Benar saja, setelah tiba di Bandara dengan antaran sukarela dari ayah Anita, kami sudah lihat beberapa orang telah berada disana sebelumnya.
"Eits, bukannya ini dosen kita dulu! " Anita berbisik seraya melihat ke arah depan kami. Tiga laki - laki yang ku kenal adalah mantan dosen - dosen kami benar - benar ada disini bersama kami. Mereka bertiga bersama dengan 2 orang wanita yang tak kukenal. "tak berniatkah kita menyapa mereka?" tanyaku iseng. "Ah, males, gengsi...! Itu dosen telah membuatku menangis waktu ujian dulu." kata Anita enggan.
"wkwkwk.. !" kami pun cuek tak menyapa dan langsung pergi ngeloyor ke counter air asia.

Pukul 06.30 kami sudah berada di tempat duduk masing - masing. Anita dan Aan duduk di depanku. Disampingku duduk seorang Ibu paruh baya yang baik hati meminjamkanku pulpen saat pengisian data keberangakatan.

"Nguiiiiing....!" suara khas pesawat saat terbang mendesir di telingaku. Ini bukan pertama kalinya bagiku naik pesawat. Namun, aku hanya meramaikan suasana kegalauan dan kenorakan Aan dan Anita yang baru pertama kalinya naik pesawat.. "Wah, hup! Lihatlah keluar jendela! Kita di negeri awan kawan!" seruku sembari mendekatkan wajahku di sela kursi mereka. Mulailah aku dan Aan berimajinasi melihat keluar jendela dengan gumpalan awan sebagai topik utamanya. Sementara Anita hanya tekun melihat ke depan tak ingin menikmati ketinggian di sepanjang perjalanan kami. Lambat laun suara - suara pengkhayal hilang tergantikan oleh hening yang melanda jiwa - jiwa kami. Suasana penerbangan yang tenang walau kadang terasa goyang naik turun ketika menembus awan membuat kami tertidur. Pulas nan damai.

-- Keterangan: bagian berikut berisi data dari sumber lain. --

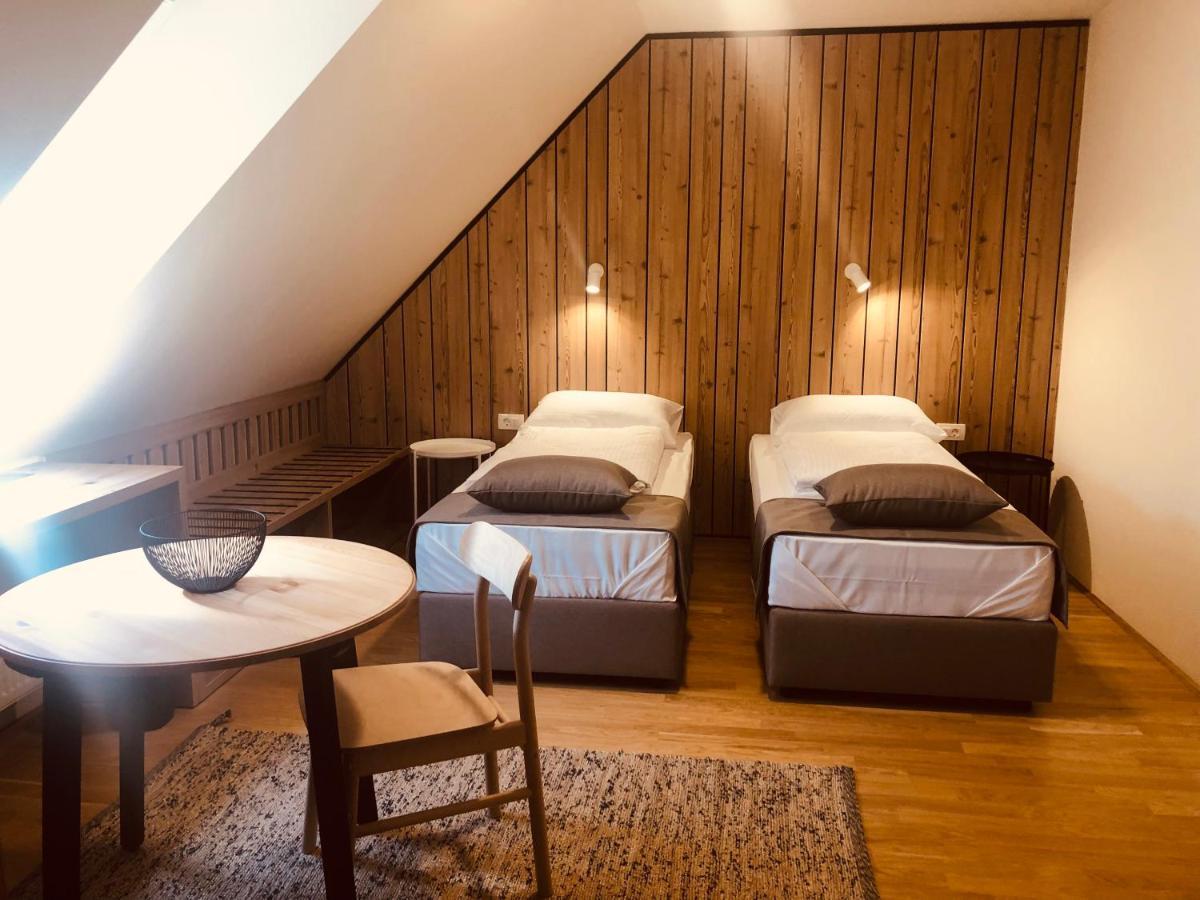 Na Vasi Restavracija In Prenocisca Hotel Skofja Loka Bagian luar foto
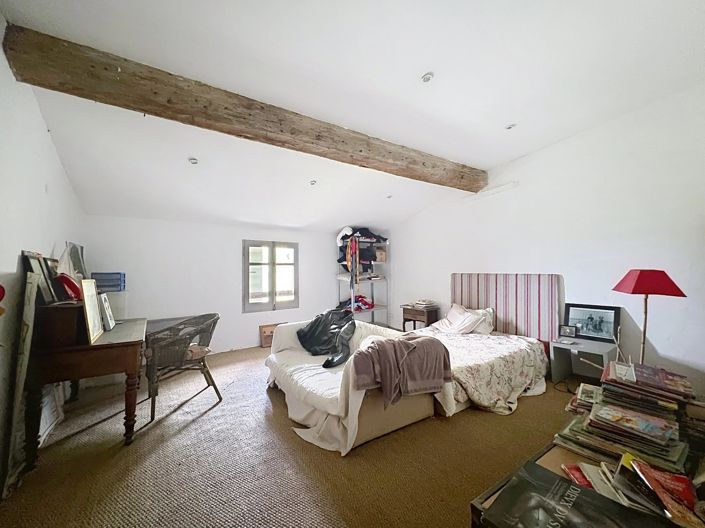 Image No.11-9 Bed House for sale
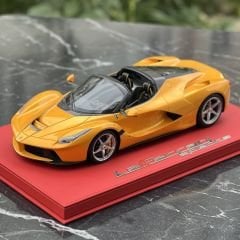 1:18 Ferrari LaFerrari Aperta Giallo Trsitrato 2016 - BBR DeLuxe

Dua jam berlalu. Kapten pilot berkoar dari speakernya memperingatkan penumpang bahwa pesawat hampir tiba mendarat di landasan. Aku tak ingin melewatkan pemandangan kota Singapore dari atas pesawat. "wow! Gedung - gedung, mobil - mobil yang berjalan dan pepohonan tampak terlihat serba mini bak rancangan miniatur arsitek.

"jeeesss!" Mendaratlah pesawat air asia. "welcome to Changi Airport!" bisikku kegirangan.